— Вот, оказывается, до чего я докатился? — вскидывает брови молодой человек.
— К сожалению, ты действительно не отдаешь себе отчета, до чего ты докатился. Это, очевидно, объясняется тем, что ты еще многого не знаешь. Но главная беда заключается в том, что ты просто утратил чувство реальности.
Он молчит, терпеливо ожидая, что же будет дальше.
— Ты только что рассказывал мне про то, как случайно поскользнулся и получил на память этот небольшой шрам. Но послушай, мой мальчик, ведь ты теперь снова поскользнулся, в переносном смысле, конечно, да так поскользнулся, что и в самом деле можешь очутиться... не знаю где. Мало того, один из твоих дружков по «Ялте», некий Пепо, недавно всучил тебе тысячу левов.

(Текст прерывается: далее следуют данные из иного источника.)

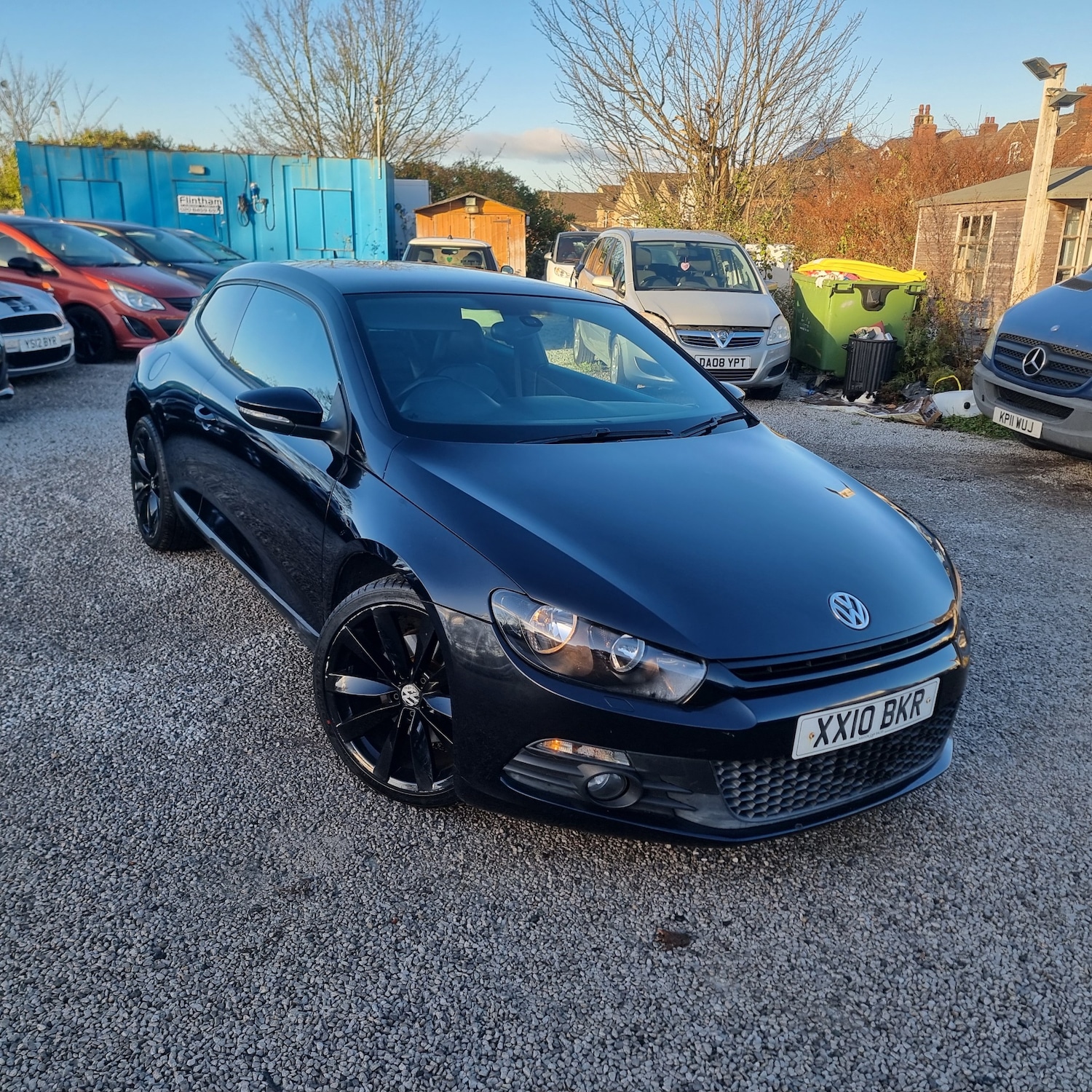 Used Volkswagen Scirocco 2010 for sale - 76699144: Photo 2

— Это касается только меня и Пепо.
— Ты так полагаешь? Зря. Потому что деньги, которыми Пепо поделился с гобой и не знаю с кем еще, он украл у своего отца. Теперь отец подает на вас в суд и... Впрочем, эту тысячу левов я уже внес от твоего имени, чтоб тебя не таскали на допросы и по судам...
— Вы меня ставите в очень неловкое положение... Я же вас не просил!
— Ты сам себя поставил в неловкое положение. И дело тут не в деньгах. Деньги ты мне вернешь, когда сможешь. Однако тебе хорошо известно, что есть и другие вещи, более серьезные.
Боян молчит потупившись.
— И по этому поводу тебя уже дважды вызывали в милицию, не так ли?
Он молчит, все так же неподвижно глядя перед собой.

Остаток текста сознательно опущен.